Sunday, March 6, 2011

How will we feed ourselves?

Green Drinks - Naperville, an organization I help organize, has decided to delve deeply into the issues of local self-reliance and adaptability this year.  Every month, lectures will focus on the Transition Town initiative as we explore different ways that our community will adapt to peak oil and climate change.

This month's lecture was entitled "how will we feed ourselves?"  Steve Tiwald of the Green Earth Institute and Ron Nowiki of The Land Office discussed organic food production and permaculture, respectfully.

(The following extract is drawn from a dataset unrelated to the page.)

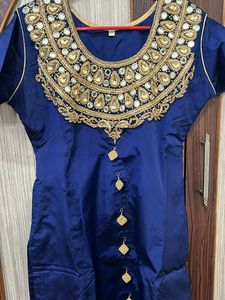 Heavy Embroidered Navy Blue Kurta Set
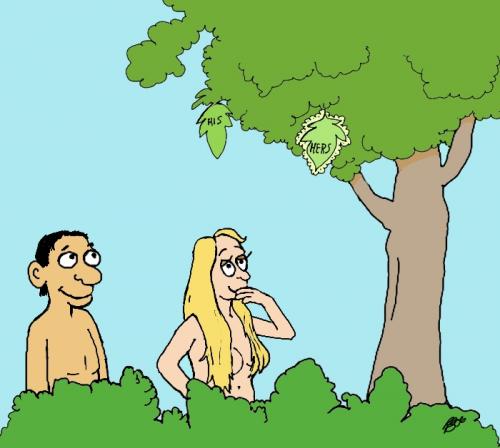 Cartoon: Fig Leaves (medium) by aarbee tagged adam,eve,fashion,eden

Highlights from Mr. Tiwald's lecture on organic gardening and community supported agriculture:
  • There are approximately 6 billion critters in 1 cup of good, organic soil.  The use of petroleum based fertilizers kill these critters.
  • 3 c's of organic gardening: Compost, Crop rotation, and Cover crops.  He likes red clover as a cover crop.
  • Soybeans are now 80% genetically modified.  The organic seal forbids GMO.
Highlights from Mr. Nowiki's lecture on permaculture and Liberty Gardens
  • By 2100, one-half of all species currently alive today will be extinct.  (We are in the middle of 6X, or the sixth major extinction our planet has faced.)
  • "a child can only learn so much from a mown lawn"
  • A 40' tree transpires 40 gallons of water per day +\-
  • A linden or bass wood makes a delicious and flowery tea that is mildly sedative
  • An AIA study determined that design changes alone can save 40% in energy costs. 
  • Lemon grass makes a beautiful decorative grass in container arrangements with sage surrounding it.  Lemon grass makes a good tea. Ornamental grasses can be harvested and used as mulch under strawberries.
  • Kwintis beans are a good pole bean.
  • Another decorative arrangement is red cabbage in front of dinosaur kale.
  • Tuscan kale - gorgeous tall fountain looking plant.
  • Gooseberries for juice.
  • Clove currant - fragrant plant with edible berry that doesn't taste that great.
  • Apple service berry - gorgeous white glower tree with berry that looks like a blue berry but tastes like a seedy apple; autumn brilliance has a great fall color.
  • Elderberry - mates a fritter; berry high in antioxidants, but invasive.
  • Rhubarb grows in some shade.
  • Hardy kiwi is a vine, also called grape kiwi; best when soft and mushy after a frost
  • Neonicotinoids may be causing honeybee colony collapse disorder.
  • Bird baths are popular and attract birds to eat insects.
  • Succession of a mature landscape.  At first, mice and voles loved his permaculture yard.  Unitl a screetch owl moved in to help control that population.  
  • Pesticides we use were evolved from chemical warfare from WW2.  Since production capacity was already there, it was just adapted to a new use.  But do you really want chemical warefare in your food?
  • Victory gardens in 1944 produced 40% of produce consumed in the country.
  • Compost, sand, and topsoil in equal parts make good soil starter.
  • "Liberty Gardens," liberating ourselves from the industrial food supply.
  • Sungold cherry tomato.
  • Microgreens grow in the basement under lights.  Standard 4' fluorescent bulb almost as good as full spectrum lights.
  • Forest gardening - martin Crawford; part shade gardening
References and Future Reading:

1 comment:

  1. It's actually RON Nowicki from The Land Office. His wife Vicki does Liberty Gardens and the Local Slow Food chapter.